When we ask for something at work, our request often requires time, money, or both. Thus when an employee asks for something, it’s easier for a manager to say no than it is to say yes. “No” requires no work and no financial outlay. A “yes” may require both.
You make it easy to say yes to requests when you’re acting as a change agent:
Propose a solution to a problem.
Offer to do the work to solve the problem.
Ask for small things that are easy to approve.
If you’re overwhelmed and want to hire an additional person, but your boss isn’t convinced you need the headcount, ask for a temp for a finite number of hours. It’s much easier for a manager to say yes to a small and known investment amount than to the long-term commitment of hiring someone new. The point is to ask for something that is easy for your manager to approve.
The word “pilot” is your friend. If you want to make a major change, pilot a scaled down version of your proposed solution in one or two locations, rather than in your organization’s 10 locations. Again, asking for something small makes it more likely that you’ll be told yes.
The bottom line is to be part of the solution – as trite and overused as that phrase is. Don’t be the person who says, “That’s broken” without also saying, “and here’s how we can fix it. Can I give it a try?”
Vague communication is unhelpful. Being vague instills doubt in the people around you and reduces your credibility.
When a customer service agent answers my questions with words like, “That sounds right, I think so, or that should work,” I hang up and call back, hoping to get someone who can give me an affirmative answer. People do this to you, too…they just don’t tell you about it.
Watch your language. If the answer is yes, say “Yes.” If the answer is no, say “No.” “I think so,” says neither yes nor no. Saying, “I think so” tells people you don’t really know.

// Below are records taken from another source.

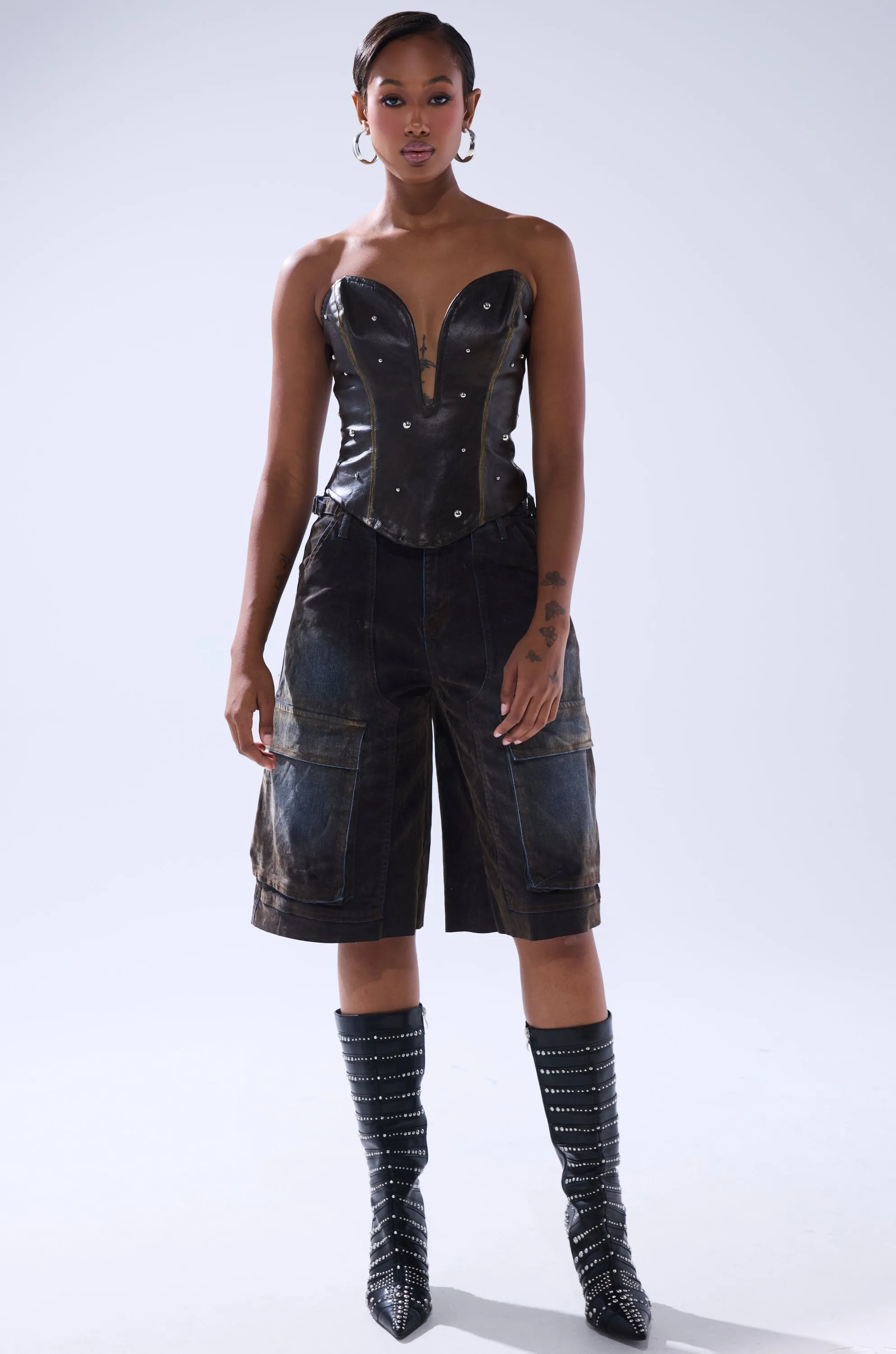 HARD TO PLEASE STUDDED FAUX LEATHER CORSET sold by AKIRA product image thumbnail 5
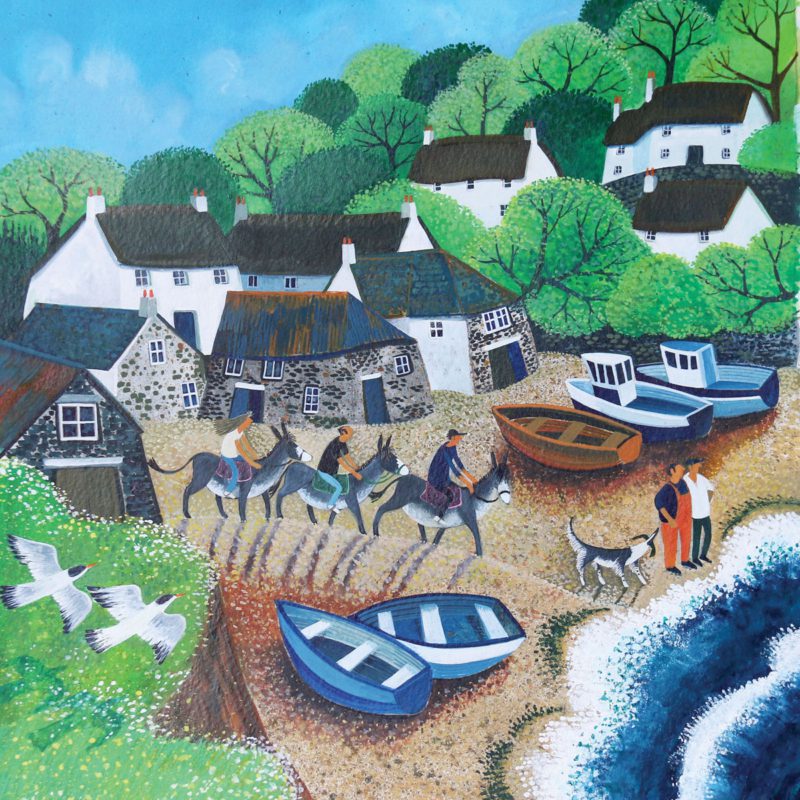 Cadgwith Harbour Lisa Graa Jensen Nethertons Greeting Cards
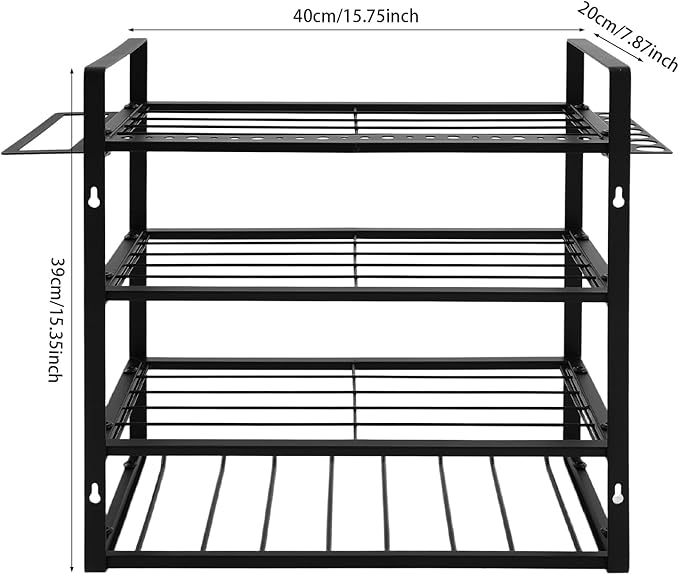 4-Tier Heavy Duty Tool Organizer Rack, Wall Mounted Tool Holder with Hooks, 132 lbs Capacity Carbon Steel Garage Storage Rack for Garages, Workshops, Repair Shops, Black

A few phrases to avoid and what to say instead:
Avoid: “That should be done by Friday.”
Instead, be specific and give a final date. “That will be complete by Friday. If I can’t get it done by Friday, I’ll call you to let you know by 5:00 pm on Thursday.”
Avoid: “Sounds right.”
Instead, be specific and say, “That’s correct.”
Avoid: “We should be able to do that.”
Instead, be specific and say, “We can do that.”
Avoid: “I guess.”
Instead, be specific and say, “Yes” or “No.”
When I teach feedback training, the biggest thing training participants struggle with is specificity. “You’re difficult to work with.” “Your clothing is inappropriate.” “I just find you to be negative.” “You did a good job on that.” “It’s a pleasure to have you on the team.” All of this is vague and thus unhelpful to the feedback recipient. And the same is true when answering questions and making promises.
Tell people exactly what to expect. Be specific. Even if they don’t like your answer, they’ll be happy to have a clear answer.